# Has anyone ever heard of a company called Travel City Direct?



## LittleSister (Nov 8, 2010)

Apparently they're part of Virgin Holidays? I was going to look at booking a family holiday to Florida next year and I've heard they're very family focussed but at the same time I've never heard of them until this week and don't want to risk a load of money on something that I'm not sure about. Especially with all the holiday companies going bust last year :-S Can anyone help?


----------



## H&amp;P (Feb 19, 2009)

I've used them in the past for a trip to Florida.

We had no problems with them but it was a few years ago.

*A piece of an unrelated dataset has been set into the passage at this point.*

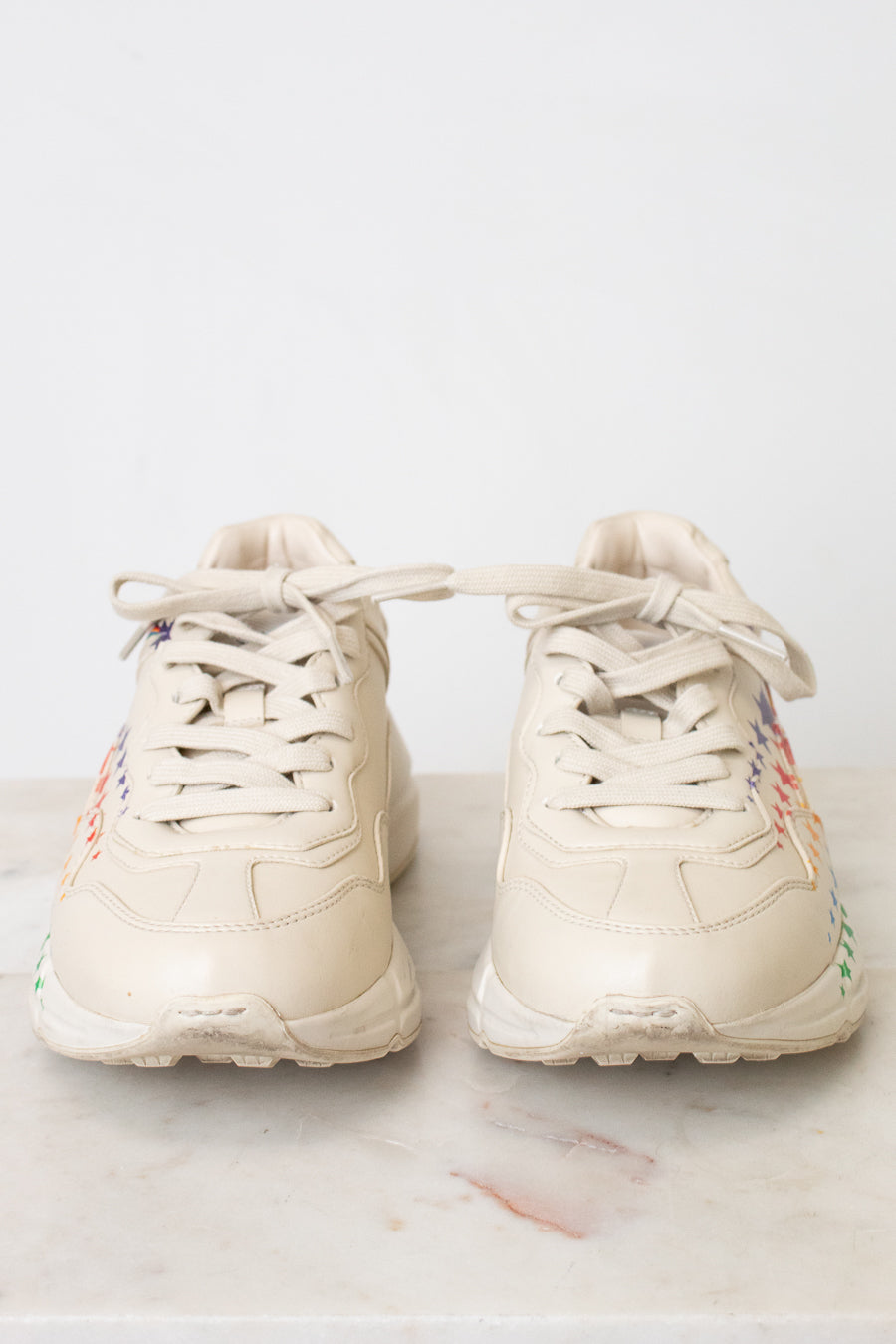 A pair of chunky low-top sneakers in a light cream or off-white color, featuring multicolor details on the sides, displayed on a light marble surface against a white background.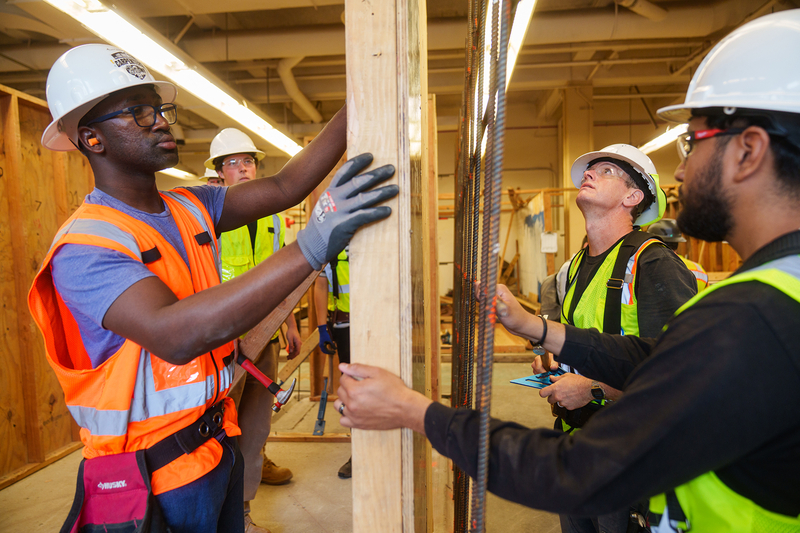A group of students wearing safety vests and hard hats stands around, working on a section of wall construction and rebar near a window in a classroom.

They used to be part of XL who i think went bust in 2008 they were then taken on as part of virgin, might be worth doing a bit of googling if you are unsure but if they are now linked with Virgin I would have thought there wouldn't be any issues (probably just more expensive  )

http://www.dailymail.co.uk/money/article-1051258/Sky-high-oil-prices-fuel-tour-operator-XLs-cash-crisis.html

/links


----------



## LittleSister (Nov 8, 2010)

Ooo that's really helpful, thank you. I've done a bit of research and they do seem pretty cheap (if you can every really go to Florida cheaply haha!!) and seem to focus a lot on families too. Will have a bit more of a route around any maybe give them a call when the snow dies down!

God I wish I was in the sunshine now!!


----------